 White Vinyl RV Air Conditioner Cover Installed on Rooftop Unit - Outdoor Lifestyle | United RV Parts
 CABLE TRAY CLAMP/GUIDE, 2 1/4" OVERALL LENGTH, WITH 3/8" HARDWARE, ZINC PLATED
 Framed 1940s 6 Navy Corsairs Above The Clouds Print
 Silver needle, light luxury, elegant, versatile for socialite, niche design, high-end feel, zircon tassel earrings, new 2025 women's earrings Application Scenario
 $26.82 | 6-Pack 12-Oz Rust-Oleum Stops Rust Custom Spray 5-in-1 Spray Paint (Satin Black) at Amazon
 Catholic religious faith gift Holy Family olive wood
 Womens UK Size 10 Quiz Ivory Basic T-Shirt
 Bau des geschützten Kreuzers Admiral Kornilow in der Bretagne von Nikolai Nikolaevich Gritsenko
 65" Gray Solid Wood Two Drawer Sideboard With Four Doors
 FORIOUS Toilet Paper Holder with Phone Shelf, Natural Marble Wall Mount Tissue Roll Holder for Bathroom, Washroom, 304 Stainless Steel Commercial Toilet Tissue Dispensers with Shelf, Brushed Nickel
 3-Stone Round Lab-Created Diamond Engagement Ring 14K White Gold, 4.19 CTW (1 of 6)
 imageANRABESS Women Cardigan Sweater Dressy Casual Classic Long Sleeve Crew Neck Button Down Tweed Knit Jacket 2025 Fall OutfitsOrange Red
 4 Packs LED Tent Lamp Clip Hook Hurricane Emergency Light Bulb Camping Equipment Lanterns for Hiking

——————————

WORK INSTRUCTION: The records above must each be restated exactly as they stand.

RESULT FOR THIS EXERCISE:
 White Vinyl RV Air Conditioner Cover Installed on Rooftop Unit - Outdoor Lifestyle | United RV Parts
 CABLE TRAY CLAMP/GUIDE, 2 1/4" OVERALL LENGTH, WITH 3/8" HARDWARE, ZINC PLATED
 Framed 1940s 6 Navy Corsairs Above The Clouds Print
 Silver needle, light luxury, elegant, versatile for socialite, niche design, high-end feel, zircon tassel earrings, new 2025 women's earrings Application Scenario
 $26.82 | 6-Pack 12-Oz Rust-Oleum Stops Rust Custom Spray 5-in-1 Spray Paint (Satin Black) at Amazon
 Catholic religious faith gift Holy Family olive wood
 Womens UK Size 10 Quiz Ivory Basic T-Shirt
 Bau des geschützten Kreuzers Admiral Kornilow in der Bretagne von Nikolai Nikolaevich Gritsenko
 65" Gray Solid Wood Two Drawer Sideboard With Four Doors
 FORIOUS Toilet Paper Holder with Phone Shelf, Natural Marble Wall Mount Tissue Roll Holder for Bathroom, Washroom, 304 Stainless Steel Commercial Toilet Tissue Dispensers with Shelf, Brushed Nickel
 3-Stone Round Lab-Created Diamond Engagement Ring 14K White Gold, 4.19 CTW (1 of 6)
 imageANRABESS Women Cardigan Sweater Dressy Casual Classic Long Sleeve Crew Neck Button Down Tweed Knit Jacket 2025 Fall OutfitsOrange Red
 4 Packs LED Tent Lamp Clip Hook Hurricane Emergency Light Bulb Camping Equipment Lanterns for Hiking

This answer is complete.